In Green Mountains, westernmost nappe is made up of Cheshire quartzite, of Lower Cambrian age, infolded with a fine-grained graywacke, which has been traced from Essex Junction into southern Quebec, where it is known as Gilman "quartzite." In Vermont, this rock has been named Brigham Hill graywacke.
Source: US geologic names lexicon (USGS Bull. 1200, p. 479, 753).
Pg. 100-101. Includes Brigham Hill graywacke phase.
Source: US geologic names lexicon (USGS Bull. 1200, p. 753).
Pg. 649-666. Concluded that roots of Taconic thrust fault most probably lie between dolomite of Pico Peak series (new) and Cheshire quartzite.
Source: US geologic names lexicon (USGS Bull. 1200, p. 753).
Cheshire quartzite described as fine- to medium-grained, massive white quartzite grading downward into fissile muscovite quartzite; contains friable kaolinitized quartzite at its top. Crops out as a band around Hinsdale gneiss and Dalton formation on North Mountain. Underlies highest hills in southeast part of quad, including The Cobbles in town of Cheshire. Lower contact is gradational with Dalton; upper contact is marked by kaolinitized quartzite.
Source: GNU records (USGS DDS-6; Reston GNULEX).
The correlation between the quartzite at Stissing Mountain, Dutchess County, New York, and quartzite at Poughquag [the Poughquag Quartzite] is much better supported than the correlation between quartzite at Stissing Mountain and quartzite of western Massachusetts [Cheshire Quartzite]. Therefore, the name Poughquag Quartzite is preferred rather than Cheshire Quartzite in eastern New York.
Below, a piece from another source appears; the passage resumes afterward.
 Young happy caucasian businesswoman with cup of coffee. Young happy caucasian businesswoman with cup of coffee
Source: GNU records (USGS DDS-6; Reston GNULEX).
Rocks mapped as Cheshire Quartzite and Dalton Formation, undivided, are shown in figure 1 as present in Connecticut, thus extending the Cheshire from Masachusetts to Connecticut.
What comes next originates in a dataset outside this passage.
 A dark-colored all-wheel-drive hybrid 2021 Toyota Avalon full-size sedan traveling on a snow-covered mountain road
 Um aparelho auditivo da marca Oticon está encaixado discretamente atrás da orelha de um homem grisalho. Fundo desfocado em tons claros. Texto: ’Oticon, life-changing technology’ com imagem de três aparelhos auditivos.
[GNU staff remark (1990): there seems to be some confusion as to the presence of Cheshire in CT. Harwood (1979) subsequently mapped in the same area in the South Sandisfield 7.5-min quad and shows no Cheshire in CT. Although Ratcliffe mapped the Ashley Falls quad to the immediate west, the map was never published and it may have shown Cheshire in CT. The only proof of Cheshire in CT found as of this date is on the overlapping parts of the Bedrock Geologic Map of Massachusetts by Zen and others (1983), and a very small part of Cheshire near the State border on the Bedrock Geologic Map of Connecticut by Rodgers (1985). No large-scale maps show Cheshire in CT.]
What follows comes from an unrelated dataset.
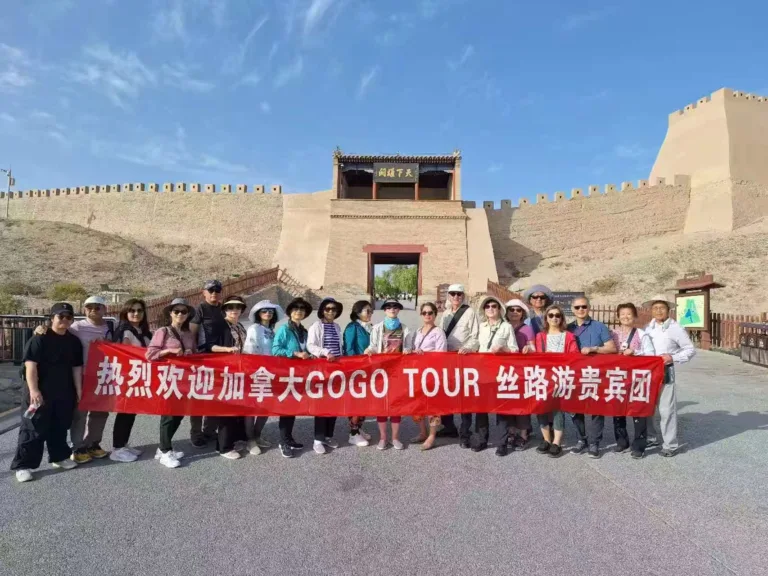 GoGo Tours travelers group photo at Jiayuguan Great Wall, Gansu, China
Source: GNU records (USGS DDS-6; Reston GNULEX).
Used as Cheshire Quartzite of Early Cambrian age. Consists of white, massive, vitreous quartzite. Small part shown in adjacent area of northern Connecticut on this map. [See also entry for Cheshire under Ratcliffe and Harwood (1975).]
Source: GNU records (USGS DDS-6; Reston GNULEX).
Stratigraphic succession in Middlebury synclinorium in north-central part of Glens Falls quadrangle consists of (ascending) Late Proterozoic Dalton Formation and Pinnacle Formation, Lower Cambrian Cheshire Quartzite, Lower and Middle Cambrian dolomites (Rutland Dolomite, Dunham Dolomite as used by Cady (1945), Winooski Dolomite) with minor quartzite (Monkton Formation), and Upper Cambrian Danby Formation. Middlebury synclinorium is considered a parautochthonous shelf sequence.
Source: GNU records (USGS DDS-6; Reston GNULEX).
Mapping in Bristol Notch and along the Green Mountain front indicate that the Cheshire Quartzite appears to be at least 2500 feet thick, which is about 2.5 times the original estimated thickness to the north and south. Near the base, the Cheshire is a massive argillaceous feldspathic meta-sandstone, containing recrystallized quartz and K-feldspar in a muscovite and biotite matrix. These lithologies grade upward through medium to thick-bedded schistose feldspathic meta-sandstones to clean, massive 'quartzites' of the Green Mountain front. Rocks currently mapped as the eastern-most Cheshire Quartzite probably belong to the Pinnacle Formation and are in fault contact with the Cheshire.